Your response should reproduce every line of the entries that contains the word "Lane".

─── RAW DATA

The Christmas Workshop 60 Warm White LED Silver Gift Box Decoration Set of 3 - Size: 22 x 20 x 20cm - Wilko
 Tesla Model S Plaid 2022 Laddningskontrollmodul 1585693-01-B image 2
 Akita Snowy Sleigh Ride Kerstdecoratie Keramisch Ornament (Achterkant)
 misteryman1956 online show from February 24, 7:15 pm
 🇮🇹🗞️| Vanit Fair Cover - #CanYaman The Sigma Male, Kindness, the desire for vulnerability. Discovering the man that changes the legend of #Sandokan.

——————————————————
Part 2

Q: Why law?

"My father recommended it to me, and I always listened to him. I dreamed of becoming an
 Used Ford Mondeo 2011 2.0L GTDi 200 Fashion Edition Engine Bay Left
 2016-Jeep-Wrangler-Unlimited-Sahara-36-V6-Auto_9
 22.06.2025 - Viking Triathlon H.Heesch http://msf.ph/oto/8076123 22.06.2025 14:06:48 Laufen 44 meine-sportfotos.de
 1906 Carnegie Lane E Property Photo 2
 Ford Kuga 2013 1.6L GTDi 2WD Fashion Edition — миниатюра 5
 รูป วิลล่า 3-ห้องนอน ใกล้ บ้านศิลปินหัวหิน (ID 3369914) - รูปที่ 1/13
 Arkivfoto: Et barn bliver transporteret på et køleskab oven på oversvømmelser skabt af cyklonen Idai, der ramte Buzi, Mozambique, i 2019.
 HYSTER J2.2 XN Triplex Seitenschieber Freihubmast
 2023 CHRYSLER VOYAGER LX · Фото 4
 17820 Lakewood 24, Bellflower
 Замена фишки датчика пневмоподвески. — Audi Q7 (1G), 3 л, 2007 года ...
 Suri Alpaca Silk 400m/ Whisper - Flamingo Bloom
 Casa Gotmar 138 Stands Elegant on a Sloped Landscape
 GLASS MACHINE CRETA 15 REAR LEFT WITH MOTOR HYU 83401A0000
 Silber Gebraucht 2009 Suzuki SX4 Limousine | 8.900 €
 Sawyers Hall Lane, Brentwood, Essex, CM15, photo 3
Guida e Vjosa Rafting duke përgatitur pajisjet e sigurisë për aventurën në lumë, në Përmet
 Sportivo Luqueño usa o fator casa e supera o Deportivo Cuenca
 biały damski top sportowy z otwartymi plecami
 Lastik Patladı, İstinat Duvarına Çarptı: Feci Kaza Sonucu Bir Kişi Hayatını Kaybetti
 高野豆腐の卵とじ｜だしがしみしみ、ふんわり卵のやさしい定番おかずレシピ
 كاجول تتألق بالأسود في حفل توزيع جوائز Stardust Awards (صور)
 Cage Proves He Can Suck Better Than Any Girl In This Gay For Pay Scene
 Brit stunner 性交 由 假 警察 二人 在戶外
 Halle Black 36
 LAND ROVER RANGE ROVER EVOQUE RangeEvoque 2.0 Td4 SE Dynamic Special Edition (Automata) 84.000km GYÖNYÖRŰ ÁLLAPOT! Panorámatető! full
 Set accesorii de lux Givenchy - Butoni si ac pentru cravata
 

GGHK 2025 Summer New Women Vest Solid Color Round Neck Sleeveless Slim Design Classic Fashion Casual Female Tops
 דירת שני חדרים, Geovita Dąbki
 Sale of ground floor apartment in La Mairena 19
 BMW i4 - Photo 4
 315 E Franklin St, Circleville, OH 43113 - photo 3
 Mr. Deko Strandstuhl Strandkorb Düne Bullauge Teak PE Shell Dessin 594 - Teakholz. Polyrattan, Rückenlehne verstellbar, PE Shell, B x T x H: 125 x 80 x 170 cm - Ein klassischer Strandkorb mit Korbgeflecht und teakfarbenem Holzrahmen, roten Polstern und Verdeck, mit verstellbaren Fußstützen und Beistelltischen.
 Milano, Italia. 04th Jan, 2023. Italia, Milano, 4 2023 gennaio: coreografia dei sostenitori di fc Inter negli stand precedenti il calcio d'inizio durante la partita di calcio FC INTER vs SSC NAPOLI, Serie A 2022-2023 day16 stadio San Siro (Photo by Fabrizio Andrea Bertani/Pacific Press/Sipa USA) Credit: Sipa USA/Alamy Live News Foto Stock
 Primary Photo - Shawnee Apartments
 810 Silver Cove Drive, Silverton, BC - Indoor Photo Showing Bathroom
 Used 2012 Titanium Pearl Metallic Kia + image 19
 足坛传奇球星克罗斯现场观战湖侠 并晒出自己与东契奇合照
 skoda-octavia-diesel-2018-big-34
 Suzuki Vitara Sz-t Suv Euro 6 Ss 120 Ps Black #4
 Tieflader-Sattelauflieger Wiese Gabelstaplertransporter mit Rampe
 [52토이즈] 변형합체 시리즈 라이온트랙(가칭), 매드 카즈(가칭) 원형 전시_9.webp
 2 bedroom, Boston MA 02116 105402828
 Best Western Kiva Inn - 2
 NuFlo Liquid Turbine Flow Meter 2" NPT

──────

ANSWER TO THE EXERCISE:
 1906 Carnegie Lane E Property Photo 2
 Sawyers Hall Lane, Brentwood, Essex, CM15, photo 3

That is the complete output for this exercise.